The module draws not only on terrorism studies but also on scholarship from a wide range of subject areas including war studies, psychology, sociology, theology, anthropology, history and art. The focus is more on individuals’ aims, aspirations, and ways of imagining themselves and their actions, than organisational and instrumental purposes. Theory is explored through case studies.

Resulting insights are used to adduce principles for state responses to political violence. The module thus builds on the tradition of scholarship at St Andrews that examines how political violence may be effectively countered in ways that are consonant with liberal democracy.

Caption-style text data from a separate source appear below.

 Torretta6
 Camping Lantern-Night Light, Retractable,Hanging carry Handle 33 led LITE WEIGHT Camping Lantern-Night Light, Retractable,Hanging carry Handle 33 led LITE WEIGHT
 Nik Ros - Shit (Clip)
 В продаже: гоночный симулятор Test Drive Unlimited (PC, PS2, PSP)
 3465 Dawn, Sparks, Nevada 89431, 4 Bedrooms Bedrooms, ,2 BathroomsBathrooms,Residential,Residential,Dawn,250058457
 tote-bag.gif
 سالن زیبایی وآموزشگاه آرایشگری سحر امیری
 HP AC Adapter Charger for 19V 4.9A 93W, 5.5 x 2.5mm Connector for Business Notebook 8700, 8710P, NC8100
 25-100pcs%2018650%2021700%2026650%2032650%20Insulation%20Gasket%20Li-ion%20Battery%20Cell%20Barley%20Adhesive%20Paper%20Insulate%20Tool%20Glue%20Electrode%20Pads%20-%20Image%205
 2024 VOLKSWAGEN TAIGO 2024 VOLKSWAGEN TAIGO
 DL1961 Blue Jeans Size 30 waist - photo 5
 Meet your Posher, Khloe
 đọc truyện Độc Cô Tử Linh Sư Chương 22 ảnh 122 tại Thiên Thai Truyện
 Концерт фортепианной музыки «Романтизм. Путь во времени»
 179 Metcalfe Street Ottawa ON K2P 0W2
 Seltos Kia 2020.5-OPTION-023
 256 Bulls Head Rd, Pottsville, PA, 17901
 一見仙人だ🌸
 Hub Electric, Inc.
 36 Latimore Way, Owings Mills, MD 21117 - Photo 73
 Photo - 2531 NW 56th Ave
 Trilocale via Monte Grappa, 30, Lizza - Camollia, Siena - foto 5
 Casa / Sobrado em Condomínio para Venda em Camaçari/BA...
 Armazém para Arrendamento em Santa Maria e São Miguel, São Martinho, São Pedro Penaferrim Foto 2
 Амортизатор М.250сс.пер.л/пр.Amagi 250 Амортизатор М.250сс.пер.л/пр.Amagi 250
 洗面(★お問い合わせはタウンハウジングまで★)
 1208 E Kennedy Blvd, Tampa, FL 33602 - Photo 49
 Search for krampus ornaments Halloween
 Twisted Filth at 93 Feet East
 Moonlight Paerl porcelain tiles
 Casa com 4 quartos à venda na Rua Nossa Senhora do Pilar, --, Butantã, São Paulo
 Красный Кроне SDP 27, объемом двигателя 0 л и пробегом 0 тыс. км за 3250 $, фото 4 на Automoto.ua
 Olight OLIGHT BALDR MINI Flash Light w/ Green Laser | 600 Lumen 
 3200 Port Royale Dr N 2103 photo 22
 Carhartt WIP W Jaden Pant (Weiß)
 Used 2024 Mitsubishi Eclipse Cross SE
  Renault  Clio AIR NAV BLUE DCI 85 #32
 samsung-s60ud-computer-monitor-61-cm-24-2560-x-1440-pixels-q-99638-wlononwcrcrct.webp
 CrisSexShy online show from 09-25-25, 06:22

This module is taught by Mark Currie along with Professor Stephen Reicher, Drs Nick Brooke, Jeffrey Murer and Gilbert Ramsay.

Mark has also contributed on counterterrorism to International Terrorism (IR3008) and Terrorism and Liberal Democracy (IR5007).

Beyond these programmes, he has also recently lectured in St Andrews on The Constitutional Period Begins, Afghanistan, 1963 to 1973: Some reflections on optimism, foreign interference and oral tradition, and Magdala: The British Rescue of Diplomatic Hostages from Abyssinia, 1867 to 1868. In both, lessons are illustrated that are relevant to countering political violence in the contemporary world.

Research students

Mark Currie regularly supervises Masters-level dissertations (there is currently a mid-year gap in allocations).

PhD supervision topics

Mark Currie is unable to act as first supervisor for PhD students as he is not a permanent member of staff. He is happy to act as second supervisor on topics that relate to the interests outlined above in 'Teaching'.